**Material for the task:**
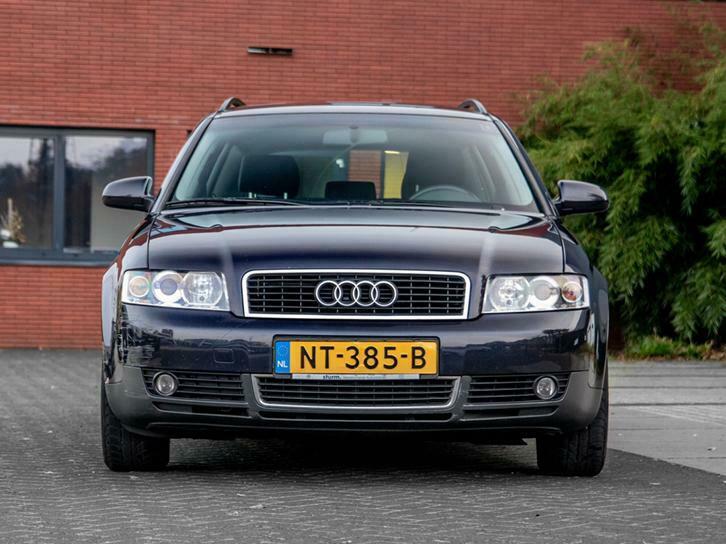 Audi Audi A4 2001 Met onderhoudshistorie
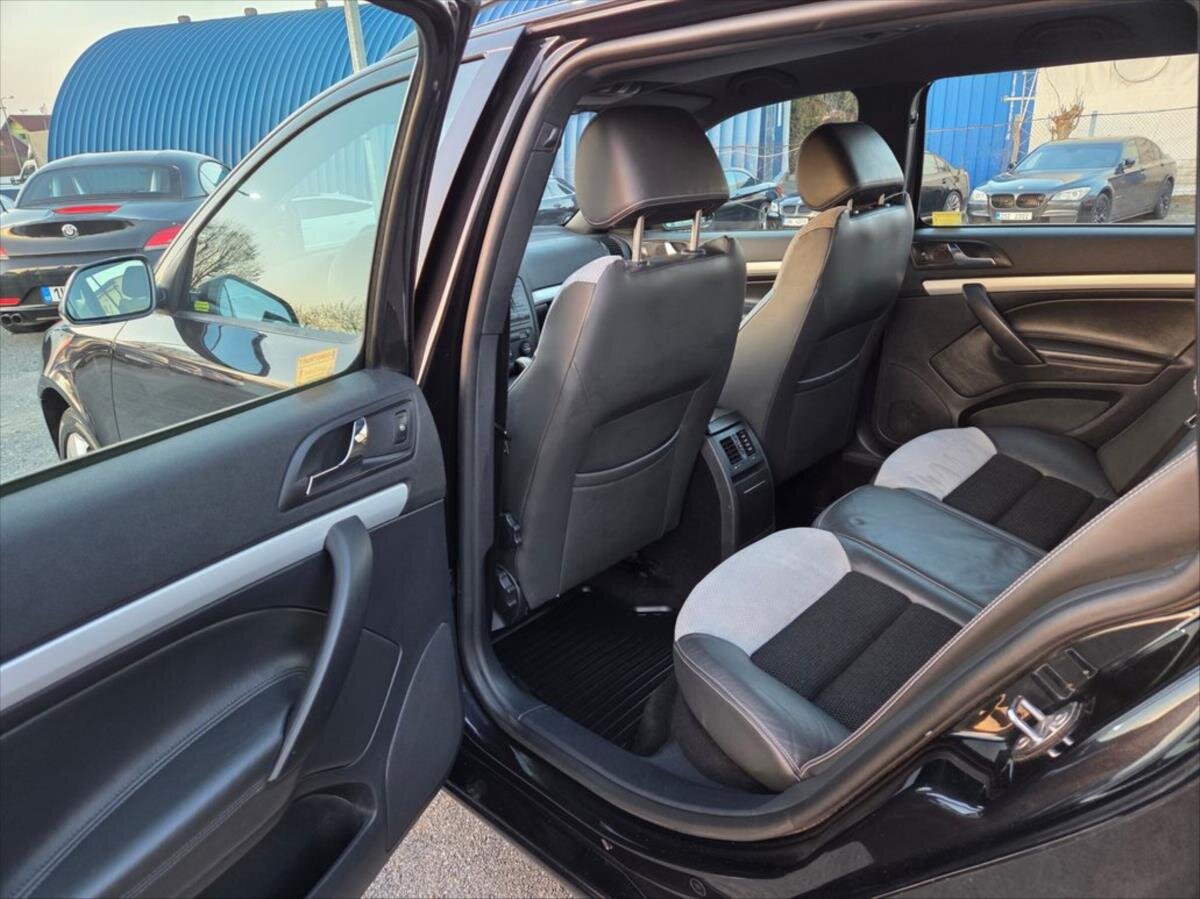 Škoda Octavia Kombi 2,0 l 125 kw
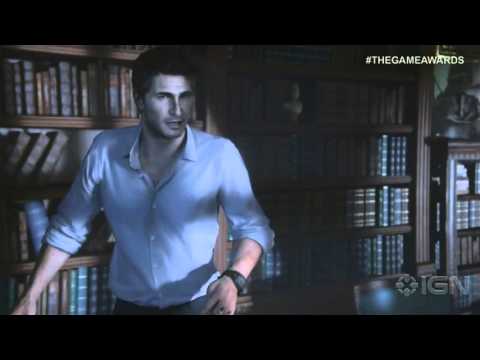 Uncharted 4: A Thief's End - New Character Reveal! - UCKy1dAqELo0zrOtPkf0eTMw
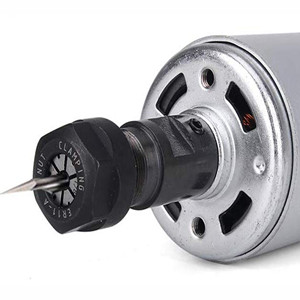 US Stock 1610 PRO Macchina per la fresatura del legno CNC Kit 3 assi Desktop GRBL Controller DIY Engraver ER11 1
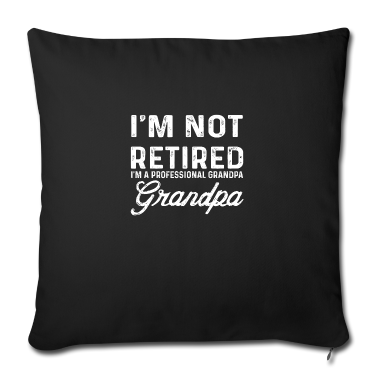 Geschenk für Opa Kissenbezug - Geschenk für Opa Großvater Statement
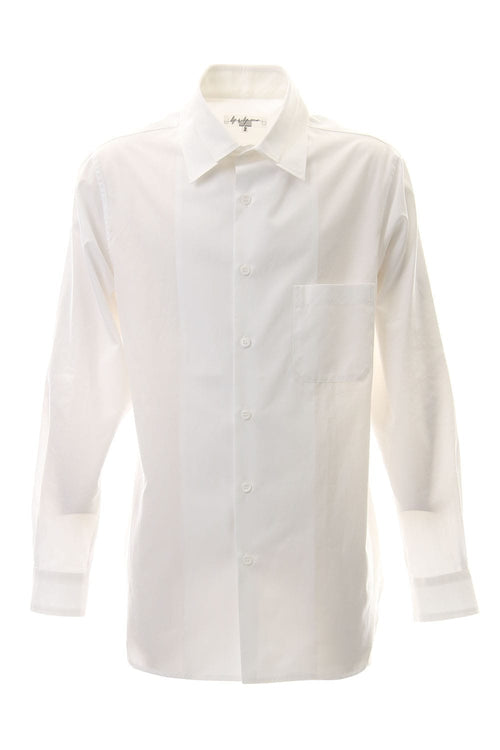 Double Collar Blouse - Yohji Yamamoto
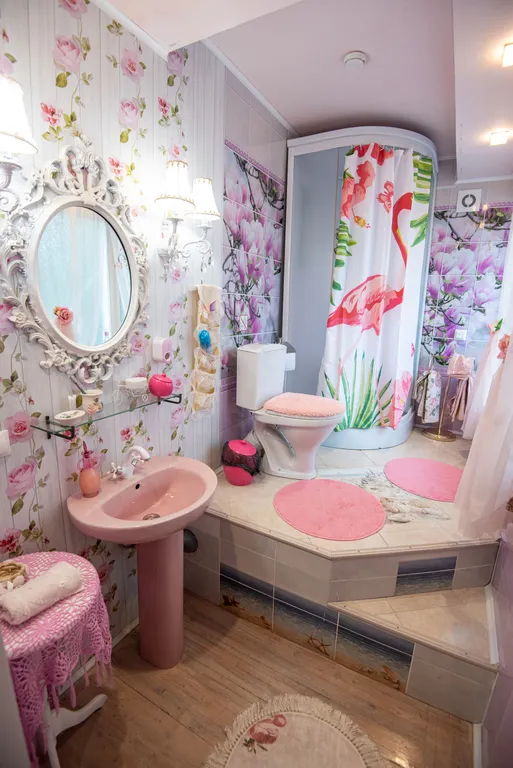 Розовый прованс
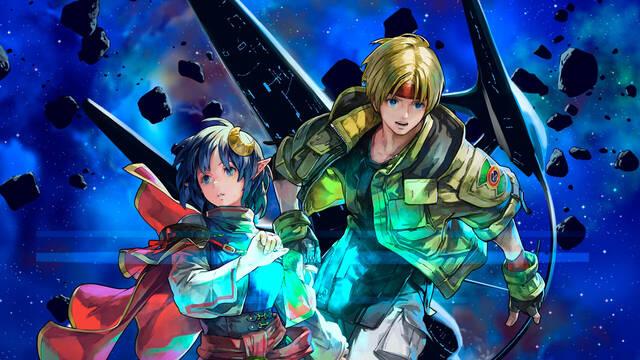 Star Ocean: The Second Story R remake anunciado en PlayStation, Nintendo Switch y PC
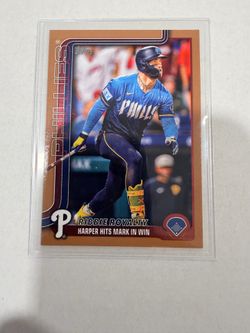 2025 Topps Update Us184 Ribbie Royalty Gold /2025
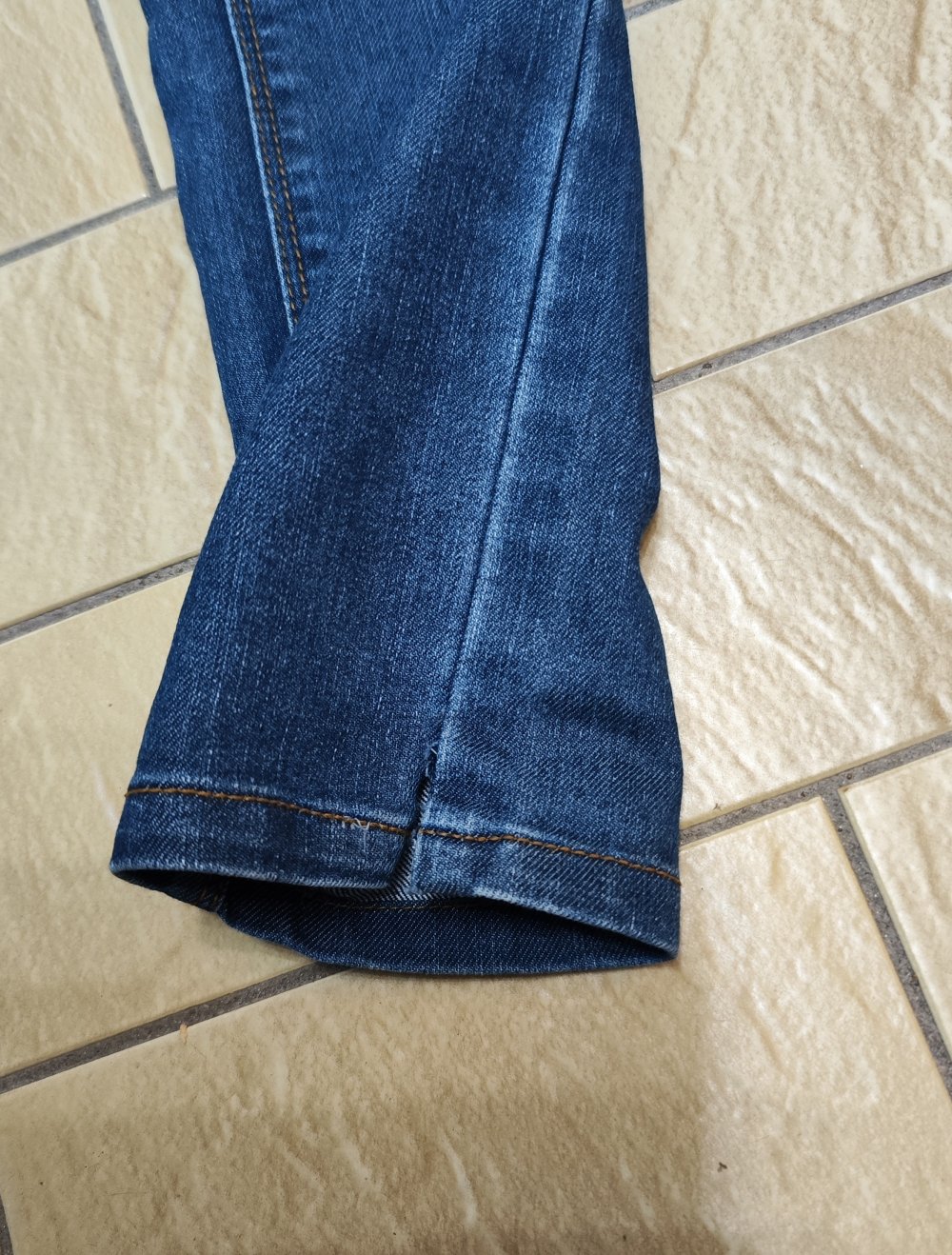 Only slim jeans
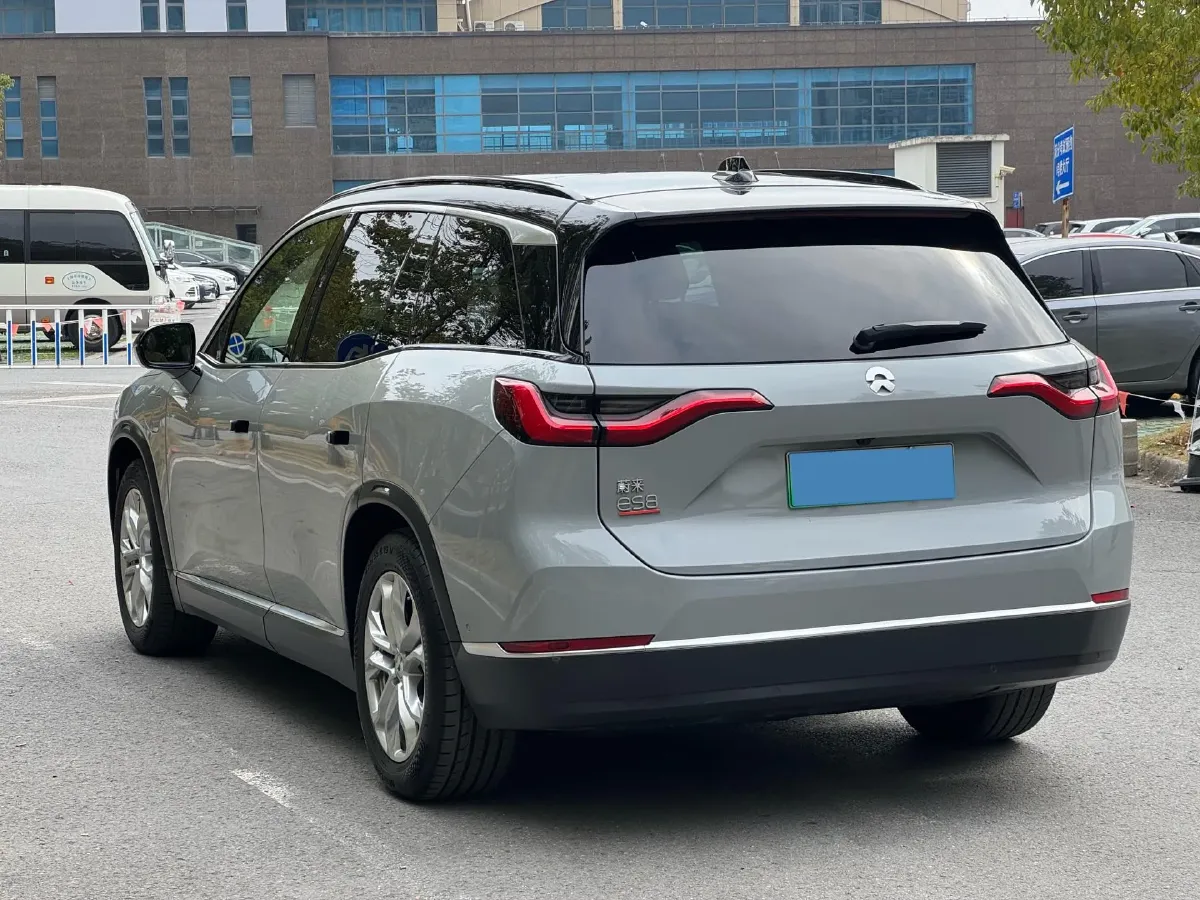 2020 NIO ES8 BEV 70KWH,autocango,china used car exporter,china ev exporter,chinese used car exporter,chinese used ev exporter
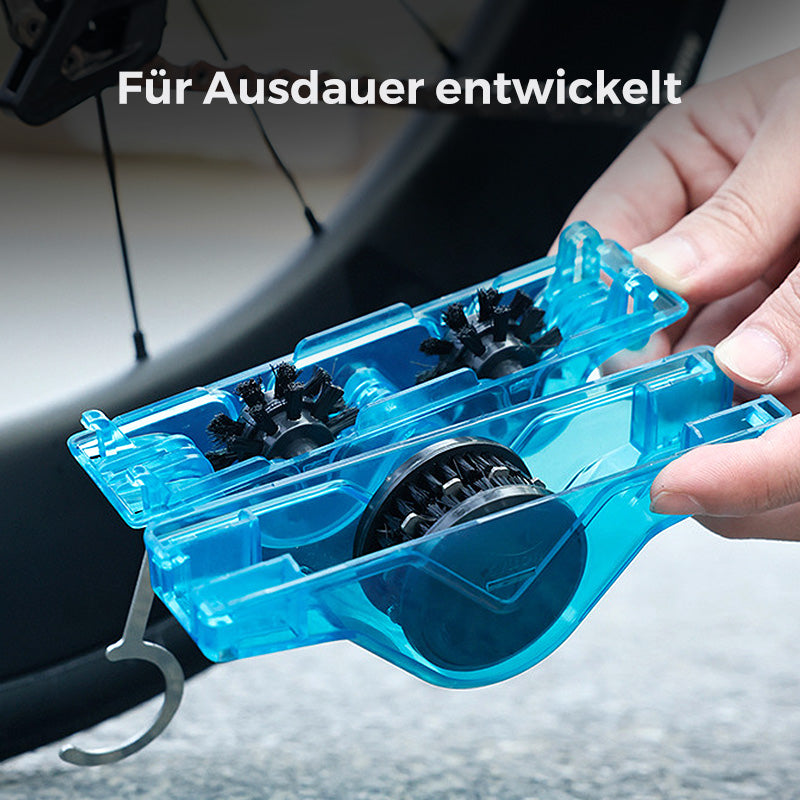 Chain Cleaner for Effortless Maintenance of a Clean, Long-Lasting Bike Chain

**Instructions to follow:**
The records above are to be set down exactly as written, with no images.

**Answer space:**
 Audi Audi A4 2001 Met onderhoudshistorie
 Škoda Octavia Kombi 2,0 l 125 kw
 Uncharted 4: A Thief's End - New Character Reveal! - UCKy1dAqELo0zrOtPkf0eTMw
 US Stock 1610 PRO Macchina per la fresatura del legno CNC Kit 3 assi Desktop GRBL Controller DIY Engraver ER11 1
 Geschenk für Opa Kissenbezug - Geschenk für Opa Großvater Statement
 Double Collar Blouse - Yohji Yamamoto
 Розовый прованс
 Star Ocean: The Second Story R remake anunciado en PlayStation, Nintendo Switch y PC
 2025 Topps Update Us184 Ribbie Royalty Gold /2025
 Only slim jeans
 2020 NIO ES8 BEV 70KWH,autocango,china used car exporter,china ev exporter,chinese used car exporter,chinese used ev exporter
 Chain Cleaner for Effortless Maintenance of a Clean, Long-Lasting Bike Chain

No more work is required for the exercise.